Comment Dorothée aurait-elle pu vraiment ne pas aimer les enfants ? Où, surtout, mes parents avaient-ils pu entendre une telle ânerie ? C’est ce que je me suis demandé cette semaine en me remémorant cette histoire. Et bien je suis tombé sur des pages d’un magazine, Interview, numéro 6, datant de janvier 1993, dans lequel Dorothée elle-même répond à la question :
Journaliste : On te traite de menteuse. On dit que tu affirmes aimer les enfants alors que tu n’es qu’une machine à gagner de l’argent.
Dorothée : Ceux qui disent cela n’ont rien compris. Tant pis pour eux. Je suis sincère. La preuve : le public est là. Tous les mercredis, 500 gamins se déplacent pour me faire des bisous partout. Et je les aime bien. Le public enfant est très critique. On ne peut pas mentir ou tricher avec lui : on a même dit que je n’aimais pas les enfants parce que je n’en avais pas. Quelle idiotie. Je ne pourrais pas faire tous les jours des émissions pour eux si je ne les aimais pas.
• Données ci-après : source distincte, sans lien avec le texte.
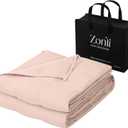 ZonLi Weighted Blanket for Adults (48"x72", 12lbs, Light Pink) Twin Size High Breathability Heavy Blanket, Soft Material with Premium Glass Beads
Journaliste : Ségolène Royal a dit un jour, à ton sujet : « Les enfants, c’est pas cher et ça peut rapporter gros »
Dorothée : C’est nul ! Et en plus, elle a des enfants. Quel manque de respect total envers eux. Complètement crétin ! Elle a dit cela pour vendre son bouquin sur les « bébés zappeurs ». Et après elle s’est occupée de l’impact du décalage horaire sur les vaches… C’est vous dire.